Well, I take it from Mr. Fleischman’s ongoing posts on the topic of Senator Harman’s SB 1000, a that ended its life in committee recently, that he is itching for a debate on the topic. I somehow think that Jon would be less zealous in his position if it were his property value being quashed, but all the same here we go…
Many inaccuracies concerning sober living homes (SLH’s) come from the misconception that a SLH is anything with six beds or under. This is not the case. A SLH has nothing to do with the number of beds but rather with the services offered. A SLH is a SLH if it has 10 people in it – not just “six and under.”
By way of explanation, there are three types of facilities: treatment, maintenance and sober living homes. Treatment and maintenance facilities offer detoxification, educational counseling, individual or group counseling sessions and treatment or recovery planning. These facilities, unlike SLH’s, are authorized to receive public funds. A SLH offers none of these services and are basically the “last stop” before a person who has gone through successful treatment and maintenance successfully re-enters society. Currently only treatment facilities are subject to licensing and oversight by the state and that is what the crux of SB 1000 seeks to address – requiring licensing and oversight for maintenance facilities because of the types of services that are offered.
Another problem with existing law is that there are currently no density requirements for treatment or maintenance facilities. This leaves the door wide open for abuse by operators and frankly this type of exception isn’t allowed with regards to any other type of facility.
This is why the amended version of SB 1000 has adopted the approach currently used without complaint of discrimination for community care facilities. Under current law, community care facilities – those facilities that provide services to persons with mental or physical disabilities – are subject to density standards exactly like those contained in SB 1000. Most notably, it states that it is the policy of the Legislature to avoid over concentration of treatment, maintenance and sober living homes (the inclusion of SLH’s was a drafting error by leg counsel and will be amended out). It then defines over concentration. Senator Harman’s bill seeks to extend these density standards to treatment and maintenance facilities, not SLH’s. Unfortunately, what came back from Leg. Counsel was not exactly what they requested in that it includes the sober living homes and neglects to include the following (page 12, line 17 after “neighborhoods.”): “Therefore the director shall deny an application for a new alcoholism or drug abuse recovery maintenance facility or adult recovery maintenance facility if the director determines that the location is in a proximity to an existing facility that would result in over concentration.” Since the bill is only prospective, if enacted, this language would have had no effect on existing treatment and maintenance facilities.
After reading this, you’ll probably notice that I have yet to discuss what SB 1000 does with regards to SLH’s. That is kind of the point – because SLH’s are provided so much protection under both Federal and State law, there isn’t much that can be done.
What SB 1000 does do with regards to SLH’s is two-fold:
1) Where we start is by defining what a sober living home is. Arguably, the definition that they got back from Leg.

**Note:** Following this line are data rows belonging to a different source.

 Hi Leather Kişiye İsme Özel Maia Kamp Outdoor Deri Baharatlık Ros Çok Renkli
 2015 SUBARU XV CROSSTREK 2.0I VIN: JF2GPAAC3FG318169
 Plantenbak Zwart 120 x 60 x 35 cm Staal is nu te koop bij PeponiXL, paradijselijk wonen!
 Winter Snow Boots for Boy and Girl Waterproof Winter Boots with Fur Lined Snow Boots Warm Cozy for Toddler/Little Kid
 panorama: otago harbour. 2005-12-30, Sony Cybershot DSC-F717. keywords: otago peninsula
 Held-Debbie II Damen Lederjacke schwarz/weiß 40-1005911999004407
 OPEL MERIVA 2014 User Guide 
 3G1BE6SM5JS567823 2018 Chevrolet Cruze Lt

Counsel didn’t come back the way Harman’s office had requested but due to Committee deadline for amendments they had to submit it as is. For example, as you brought up in your posting, the language allowing law enforcement to check the records of testing is incorrect in that it completely left out the requirement that law enforcement have probable cause and that will be fixed. However, they didn’tfeel any of the additional requirements for a sober living home are “regulatory hurdles” as what they basically say is that if you are going to hold yourself out in the community as a sober living home, you better be able to prove it. If the facility can’t do these minimal things then perhaps they do need to be licensed as either a treatment or maintenance facility because of the type of care they are providing.
Page 7, Beginning on Page 21:
(1) Residents must be recovering from alcohol or drug abuse
(2) Residents actively participate in programs for drug/alcohol abuse
(3) Zero tolerance regarding consumption of drug/alcohol
(4) Random drug/alcohol testing performed by the manager/operator available for inspection by law enforcement with probable cause (as proposed to be amended)
(5) No services are being provided that would best be performed in either a treatment/maintenance facility that is subject to state oversight
(6) No resident requires nonmedical care or supervision
(7) Residents are responsible for their own meals.
(8) Owner/operator/resident ensure property use complies with applicable laws
2) Registration – It seems that there is a split of opinion as to whether there is any problem with over concentration of SLH’s. By requiring a simple registration process where the state can establish some formal tabulation of just how many SLH’s exist and their proximity to one another, it seems this would be a good first step. Everyone is relying on someone else’s word on whether there is or isn’t an issue with SLH’s. Once we have some hard facts to look at, if there is an issue, we can then look at addressing it with legislation in the future. Please note that the registration process is the simplest they could make it – basically just requiring that when a new facility opens they tell the state that it is doing so and the address.
[Publisher’s Note: Duane, I reformatted this post which you pasted in as a Word document, from the original document that Harman’s staff provided. I had it but appreciate your forming it into a blog post. More information is better – Flash]
April 27th, 2007 at 12:00 am
Does that publisher’s note qualify as a “snark”?